FIG. 18 shows another embodiment comprising reinforcing elements 1a, 1b, 1c according to the invention, which is similar to the embodiment shown in FIG. 17. Only two holes at one end of the two outermost reinforcing elements were cut or punched to form two spacers or interconnects 10a, 10b. The spacers or interconnects 10a, 10b are slanted or phased to form straight portions on either side of the portion of the circle in contact with the corresponding reinforcement element. The straight portions are arranged parallel to the short lateral direction of the corresponding reinforcement element and spaced apart from each other by a distance greater than the thickness of the reinforcement element. By inserting the spacer or interconnect (s) of one reinforcement or reinforcement into the hole of another reinforcement or other reinforcement, the reinforcement or reinforcement is placed adjacent to each other and then the reinforcement or reinforcement is removed from each other along its longitudinal direction. By displacing away, the reinforcing elements or reinforcements are fixed to each other. Since the spacer or interconnect (s) 10a, 10b are inclined, the reinforcement element or reinforcement may be more strongly coupled to each other. Moreover, the spacers or interconnects 10a and 10b may be used as spacers in the same manner as in the embodiment of FIG. 17 described above. In another embodiment, the reinforcement elements or reinforcements that are joined together by the spacer or the joining portion (s), such that the spacer or interconnect (s) are folded down to be essentially parallel to the corresponding reinforcing element (s). The contact area between and the bond strength can be further increased. In another embodiment, the spacer or interconnect (s) can have a smaller diameter than the aperture of the reinforcing element.

Fig. 19 shows another embodiment comprising reinforcing elements 1a, 1b, 1c according to the invention, which is similar to the embodiment shown in Fig. 18. Two inclined spacers or interconnects 11a and 11b are formed in the same manner as in FIG. By joining the spacers or interconnects 11a and 11b along their sides, the bond strength between the reinforcement elements or the reinforcements joined together by the spacer or the joining portion (s) is further increased. According to another embodiment, the spacers or interconnects 11a and 11b may have the same shape as in FIG. 17. That is, it does not have to be inclined or phase processed. Moreover, the spacers or interconnects 11a and 11b may be used as spacers in the same manner as in the embodiment of FIG. 17 described above.

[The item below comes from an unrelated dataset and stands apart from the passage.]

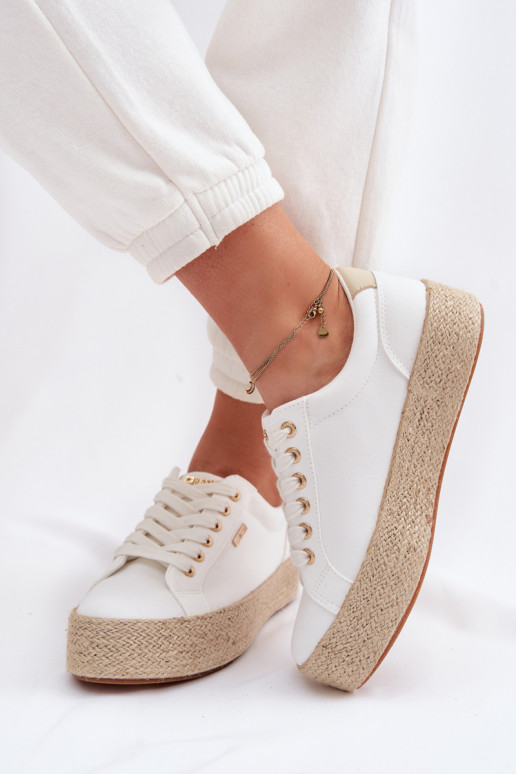 chaussures décontractées Espadrilles avec une plateforme Big Star TT274349 couleur blanche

FIG. 20A shows another embodiment comprising a reinforcing element according to the invention, which is similar to the embodiment shown in FIG. 18. The outermost reinforcing elements 1a, 1b have two spacers or interconnects 12a, 12b, 12c, 12d, each arranged at a distance from each other in the longitudinal direction of the reinforcing elements. The spacers or interconnects 12a, 12b. 12c, 12d are formed in the same manner as in FIG. 18, but with circular through holes. The tips of the spacers or interconnects 12a, 12b, ie the portions of the spacers or interconnects furthest from the reinforcement element, are cut to form openings corresponding to the through holes. In other words, the spacers or interconnects are cut to form two separate curved hooks. Spacers or interconnects may be used to join reinforcement elements or reinforcements together in the same manner as described for the embodiment of FIG. 18. In addition, the spacers or interconnects 12a, 12b, 12c, 12d may be used as spacers in the same manner as in the embodiment of FIG. 17 described above. FIG. 20B shows the same reinforcement as in FIG. 20A, where a tube is placed inside the cut through hole or between the hooks to attach to the reinforcement.

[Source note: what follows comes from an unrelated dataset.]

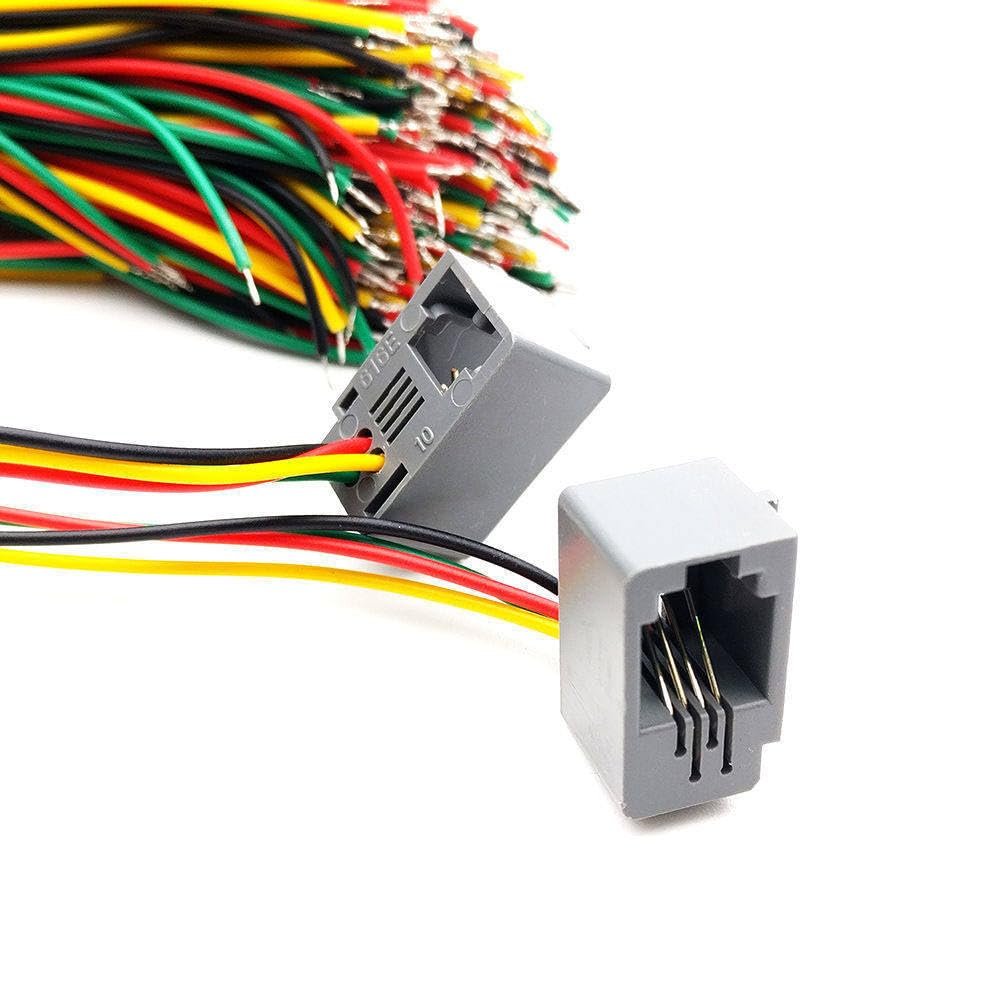 100pcs/lot 4 Pins RJ11 PCB Mounting Type RJ11 4P4C Modular Telephone Adaptors Connectors Jack with Cable 616E-4P4C 150mm Length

Figure 21 shows two stiffeners according to the invention which are joined together. Each reinforcement includes reinforcement elements folded together after being joined together in the same manner as in FIGS. 17-20. The reinforcements are joined together by a spacer or interconnect 14 of the reinforcement element 1a2 inserted in the through hole of the reinforcement element 1c1 disposed adjacent to the reinforcement element 1a2. The spacers or interconnects 14 are folded to be essentially flush with the reinforcing elements 1a2 and 1c1, and the reinforcing elements 1a2 and 1c1 are displaced relative to one another in the longitudinal direction of the reinforcing elements to create a strong bond therebetween. To get it.

FIG. 22 shows two reinforcements according to the invention which are joined together similarly as in FIG. 21. The outermost end 16 of the spacer or interconnect 15 is folded 90 degrees to the rest of the spacer or interconnect. The end 16 is configured to be connected with the recess or recess 17 of the adjacent reinforcing element 1c1. By doing so, the reinforcements can be separably fixed to each other. That is, the reinforcements are not separated due to the relative displacement between the reinforcements in both directions along the longitudinal direction of the reinforcement elements. In another embodiment, the spacer or interconnect 15 extends from the center of the spacer or interconnect, for example, a tongue arranged to connect with a corresponding recess or through hole of the reinforcing element 1c1, It may include an end portion or a protrusion. According to another embodiment, the spacer or interconnect 15 may comprise a depression arranged to be connected with a corresponding protrusion of the reinforcing element 1c1.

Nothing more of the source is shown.